Problem requirements
Copy nothing but the lines from the line with "Siberian Husky puppy" to the end of the records, retyped exactly. Pictures stay out.
^^^^^^^^^^^^^^^^
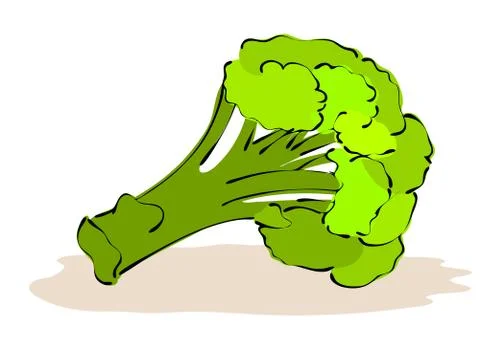 Broccoli on white background. Illustrazione stock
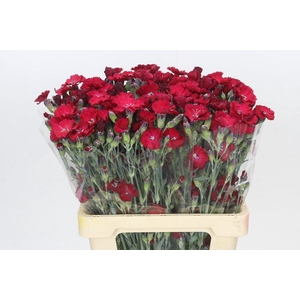Dianthus Sp Solandis Passionfly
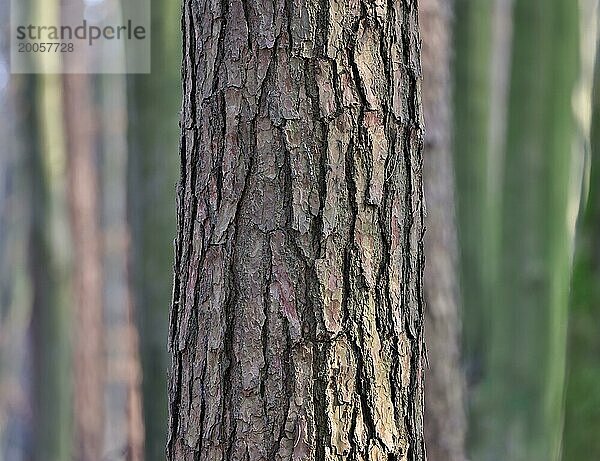 Waldkiefer (Pinus sylvestris) Ausschnitt des Stammes vor anderen Baumstämmen  Spiel mit Tiefenschärfe und unterschiedlichen Strukturen und Farben  Oberbayern  Bayern  Deutschland  Europa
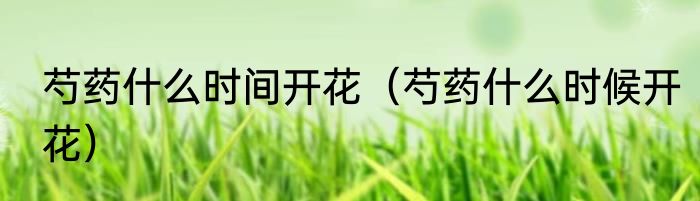 芍药什么时间开花（芍药什么时候开花）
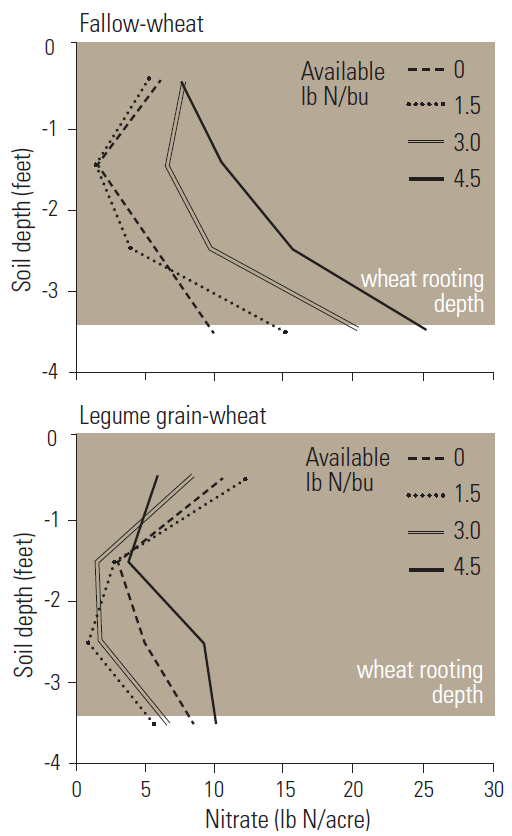Two line graphs demonstrating March soil nitrate in 1-foot increments after wheat in fallow-wheat or legume grain-wheat at four available-N rates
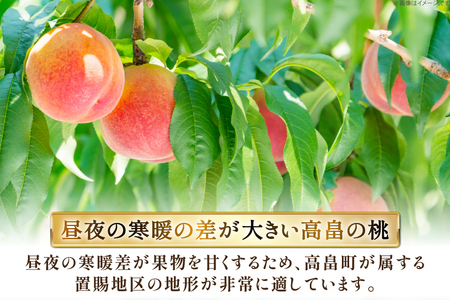 【期間限定発送】 高畠町産 桃 6～10玉 3kg [JA山形おきたま 山形県 高畠町 tk06ays870044]
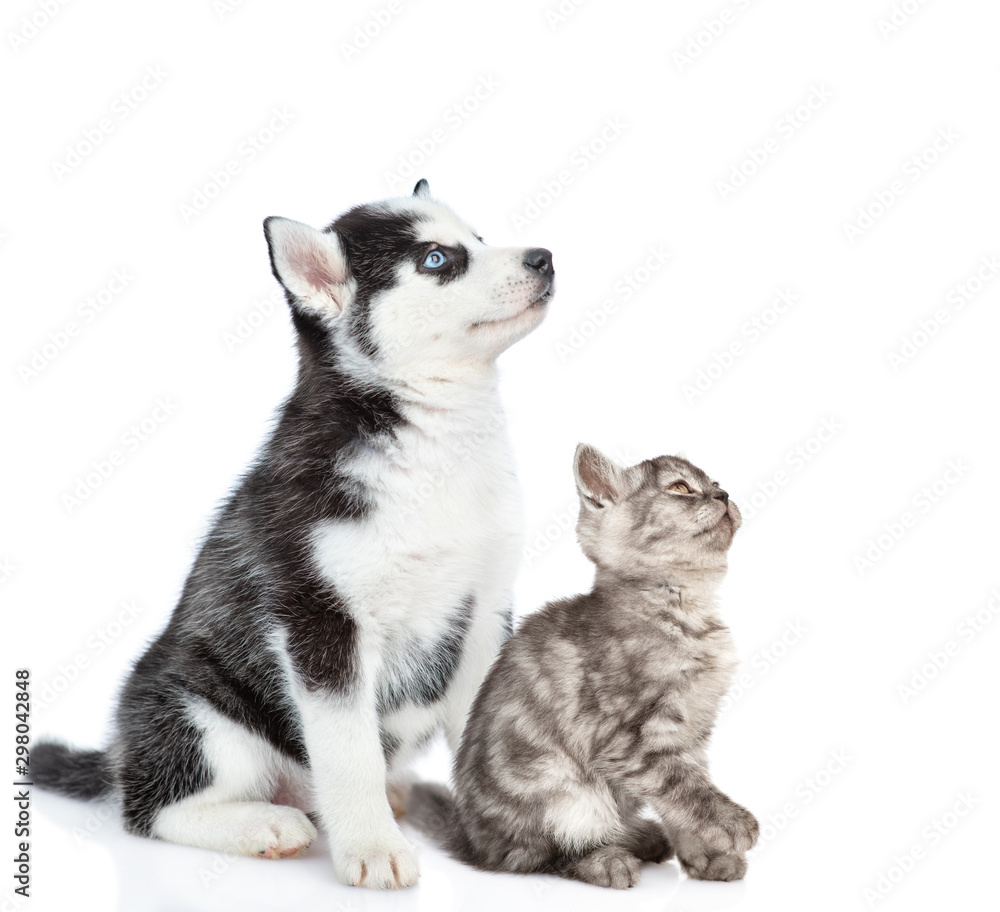 Siberian Husky puppy and scottish kitten sit together and look away and up on empty space. isolated on white background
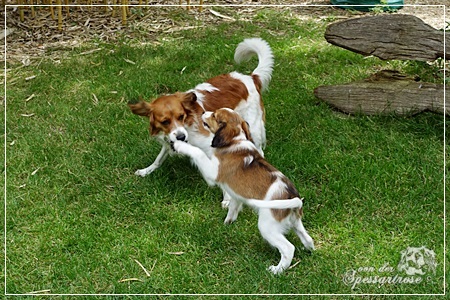 Kooikerhondje von der Spessartrose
^^^^^^^^^^^^^^^^
Exercise output
 Siberian Husky puppy and scottish kitten sit together and look away and up on empty space. isolated on white background
 Kooikerhondje von der Spessartrose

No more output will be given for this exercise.